Dimensions: w: 20.6cm, h: 26.3cm
Photographs (49): 2007–2016
I had a few good teachers in secondary school, none that I’d say inspired me, but that wasn’t necessarily their fault, it would likely have been quite the uphill struggle. At best, I’m hopefully a late developer. The only teacher whose name I remember was Mr Thomas. He was an older man, decent and quite proper, and nearing retirement. He taught English Literature and I liked him.
I remember him talking about the idea of ‘pathetic fallacy’ in relation to Thomas Hardy and maybe a storm gathering over the Dorset landscape in The Mayor of Casterbridge. Things in the world mirroring events or feelings. I’ve held that concept in my head and occasionally thought about it in the 30 or 40 years since. That image of the gathering storm has become so overused that, if seen in a contemporary film, it can induce a wince at the unimaginativeness of the director.
Pathetic and fallacy - the two words sound wrong. Pathetic in common parlance meaning pitiful, sad; fallacy an erroneous idea. Crudely put, a sad mistake. I look it up in a dictionary for the first since school and my memory was correct: “The attribution of human feelings and responses to inanimate things or animals, especially in art and literature.” Wikipedia reveals that it was coined by Ruskin to criticise the work of late 18th century poets like Wordsworth, Shelley, Keats et al.

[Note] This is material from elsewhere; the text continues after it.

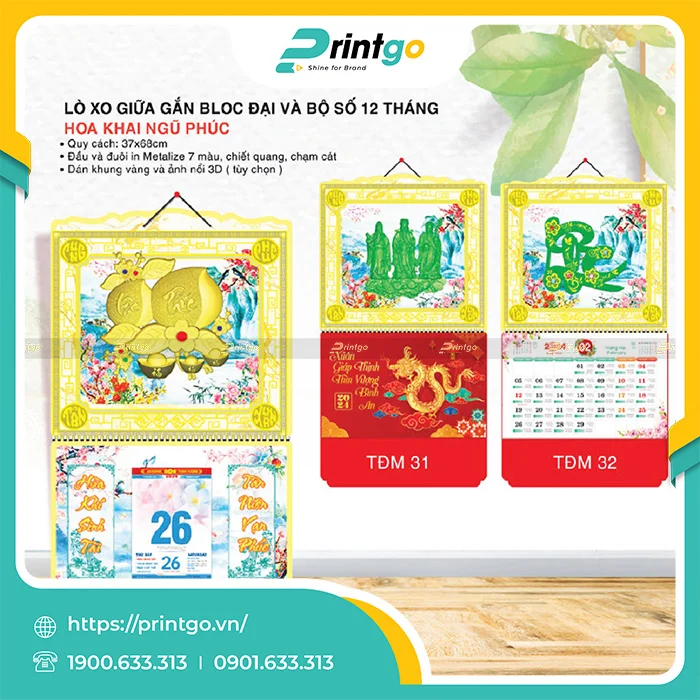 Tổng hợp 15 mẫu khánh lịch bloc tết 2024 đẹp, giá tốt nhất thị trường
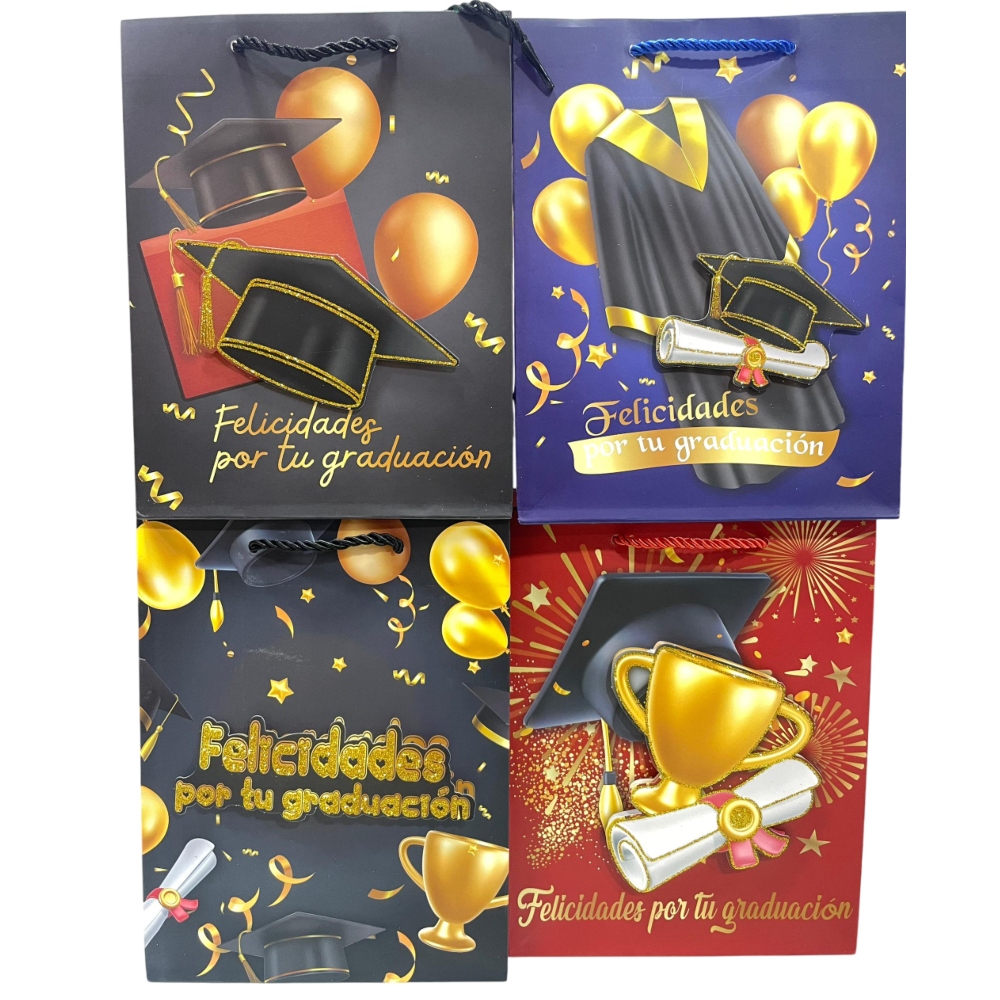 Bolsas Delux 24x18 Graduación Globo x12 unid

This work explores how what we see can reflect what we feel, and what we feel can direct us to see certain things, in certain ways. Loci comprises a series of photographs that articulate my feelings of depression, despair and loneliness. We are surrounded by such signs, to the point of cliche, in this frequently uncaring world. The photographs were taken during a hugely challenging period in my and my family’s life, but do not seek, for the most part, to function in anything like a documentary sense.
Loci risks a terrible gaucheness. That voice in my head taunts me: aren’t we all too sophisticated for this? These are images that can be decoded and, inevitably, denuded thereby. Let the eye inhabit them, and the heart behind the eye.
Loci is dedicated to my children Aalijah and Gabriel.